As a follow-up to my posts on John Stott’s farewell sermon (1 | 2), my wife was talking to some friends of ours today whose pastor was at this year’s Keswick Convention, and who described how Stott ended his sermon.
At the conclusion of his sermon, Stott asked everyone to bow their heads for a few moments of silent prayer. Everyone did so, and when they lifted up their heads again and opened their eyes – the stage was empty.
No rousing send-off, no applause, no presentations of flowers – nothing, in short, to distract attention from the Christ whom Stott has proclaimed so effectively, and with such modesty and humility, for so long.
While we’re on this subject, a recording of Stott’s Keswick sermon can be downloaded as an MP3 for £3 here.

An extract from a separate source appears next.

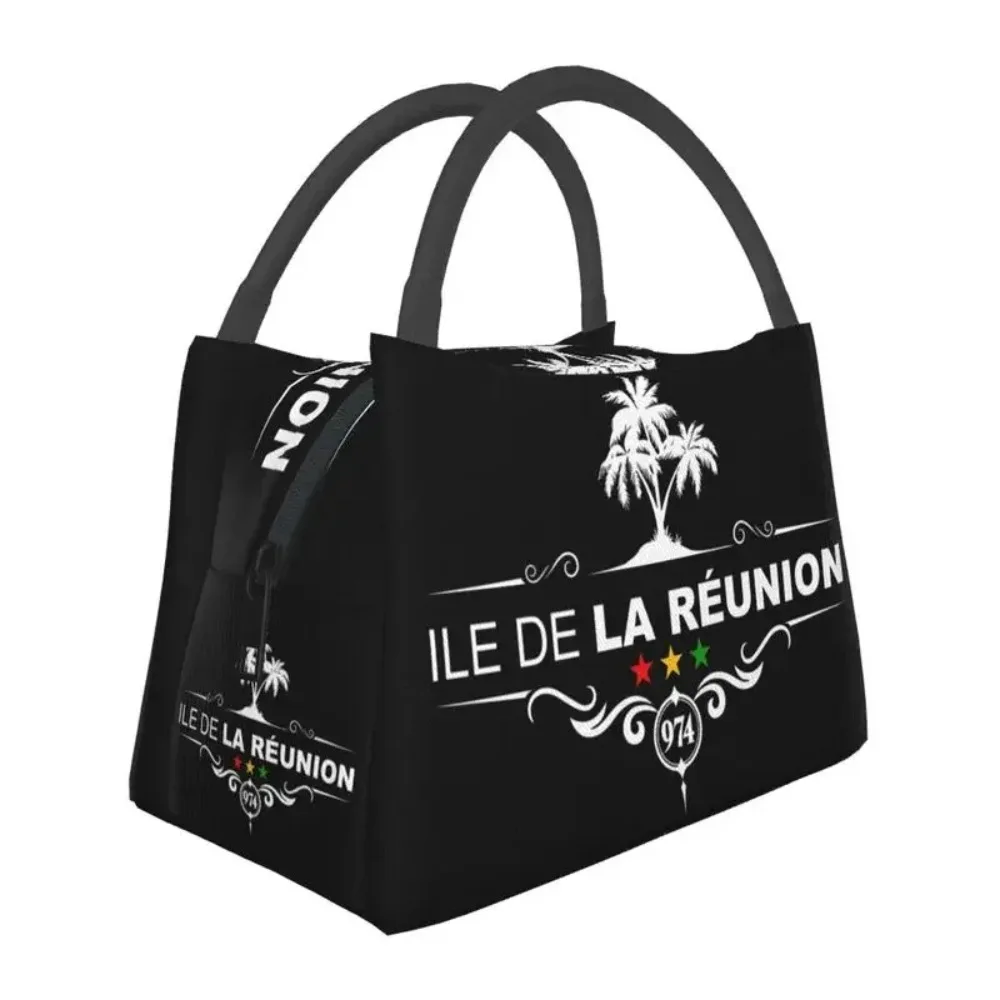 Custom Reunion Island 974 Lunch Bags Men Women Cooler Thermal Insulated Box for Office Travel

Even better, the All Souls Langham Place website’s sermon archive contains hundreds of recordings of Stott’s sermons from the mid-60s onwards, available free-of-charge (though with free registration required).
Searching through the sermons is not for the faint-hearted – a better search facility wouldn’t hurt – but there’s a lifetime’s-worth of great preaching there. You could do worse than start with his 1971 series of sermons on Ephesians, which I’m currently working my way through.
(Note: you may find, as I have, that the All Souls MP3s don’t work very well. You’ll need to make sure you save them with a .mp3 extension (rather than “.kont”, whatever that is) and then use a program like Audacity to import them and re-export them as new MP3 files. Very frustrating, but worth the effort.)